As it relates to our expected contribution margin or operating leverage associated with the revenue growth, we expect the mix of business to remain favorable in the Americas, resulting in a consolidated variable contribution margin associated with revenue growth of between 25% and 30%. However, we also expect to invest in a number of sales, distribution and e-business initiatives to drive our growth in fiscal 2015. This is different than the last four years, wherein our revenue growth was largely driven by improved sales efficiency. As a result, our net contribution margin in the coming year could potentially be at or above 25%, depending on the pace of these investments and the level of revenue growth we are able to achieve.

Across manufacturing, we do not expect any significant benefits in 2015 related to the changes in the EMEA manufacturing footprint, as we do not believe they would be completed until late in the fiscal year. However, we do expect incremental operating costs and inefficiencies associated with these initiatives including the $5 million we estimate for the first quarter.

Sizing the full year amount is dependent on a number of factors outside of our control, so I will stop short of estimating the specific number. Instead, I will share that we are targeting a number of continuous cost reduction efforts around the world in our supply chain manufacturing and logistics areas. In fact, our fiscal 2015 plan currently contemplates [that] the benefits of these cost reduction efforts will outlay the EMEA disruption costs. So you could think of these two factors as netting out or potentially netting to something modestly positive.

Finally as we have stated many times, we believe staying invested in a variety of growth initiatives has been a key driver of our market share gains over the last two years. In our webcast slides we included a fiscal 2014 roll forward of operating expenses compared to the prior year which highlights changes due to foreign currency translations effects, acquisitions and divestitures, variable compensation expenses and other items. In this roll forward you will note in other net column totaling $12 million which compares to an increase of $7 million in fiscal 2013 and $20 million in fiscal 2012.

You can think of these amounts as the levels of costs which were invested back into the business since the recession to sustain our momentum in the market and support future revenue growth. We have planned to invest between $20 million and $30 million in fiscal 2014, but with the poor results in EMEA and Asia Pacific continuing to face the low-end demand during the year, we pulled back on spending around the world in order to cushion the impact of lower than expected results in these businesses.
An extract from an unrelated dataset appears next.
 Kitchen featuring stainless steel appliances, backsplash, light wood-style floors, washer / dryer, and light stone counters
For fiscal 2015, we expect to reinstate many of the investments that were delayed in fiscal 2014 and add a few additional strategies, all targeted to sustain our momentum. As a result however, you should anticipate that one year from now this other net category within the operating expense roll forward may aggregate approximately $20 million plus any investments we make in the sales distribution and e-business initiatives I previously mentioned.

The payback for these investments will come from our ability to sustain momentum with our growing global customer base and to continue growing faster than industry averages which we have done for the past three years in the U.S. So we expect another solid year in 2015 and we are committed to improving our competitiveness in EMEA.
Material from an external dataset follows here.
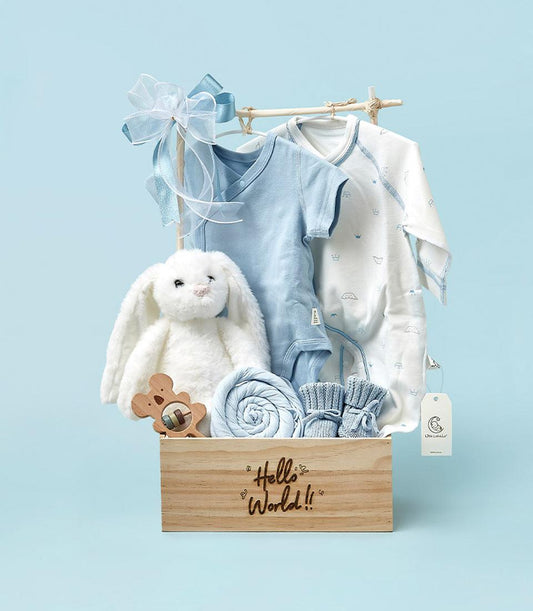Light wooden newborn gift box with white plush bunny, blue onesies, swaddle blanket, and knitted booties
From there, we will turn it over for questions.

Question-and-Answer Session

Operator

Thank you. (Operator Instructions). And our first question comes from Matt McCall from BB&T Capital Markets. Please go ahead.

Matt McCall - BB&T Capital Markets

Thank you. Good morning guys.

Jim Keane

Good morning Matt.

Dave Sylvester

Good morning.

Matt McCall - BB&T Capital Markets

So Dave, I’ll actually hit on that incremental margin question I just want to make sure I understood it. You said 25 to 30 with investment could great and 25 and I think you said the investment is going to be 20. I just want to make sure I understood all those numbers. Is tit greater than 20 inclusive of the expected other category and the $20 million we expect to be able to shoot?

Dave Sylvester

What I was basically doing Matt was dividing our incremental spending investments for next year into two buckets; one that are directly linked to our sales growth and sales initiatives and distribution activities. And what I was describing was that our contribution margin should still net to around 25% or maybe even a little better even after we cover those incremental investments because of the mix of business we expect to stay relatively good, we would otherwise push the contribution up maybe closer to 30%. Then separate from that we expect to invest around $20 million plus or minus in other longer term growth initiatives in other initiatives across the business. That makes sense?

Matt McCall - BB&T Capital Markets

All right. So greater than 25 then you’ve got -- so that’s the core incremental then you got the same $20 million sustained in excess of that?

Dave Sylvester

Yes. So you can do it a couple of ways, you can think of a net contribution margin after the directly related expense investments associated with revenue growth as net 25%.

Matt McCall - BB&T Capital Markets

Okay.

Dave Sylvester

Then plus 20, plus or minus or you could say all right, well maybe the contribution margin is higher than 25, maybe even closer to 30 and the incremental expense investments would be more than 20.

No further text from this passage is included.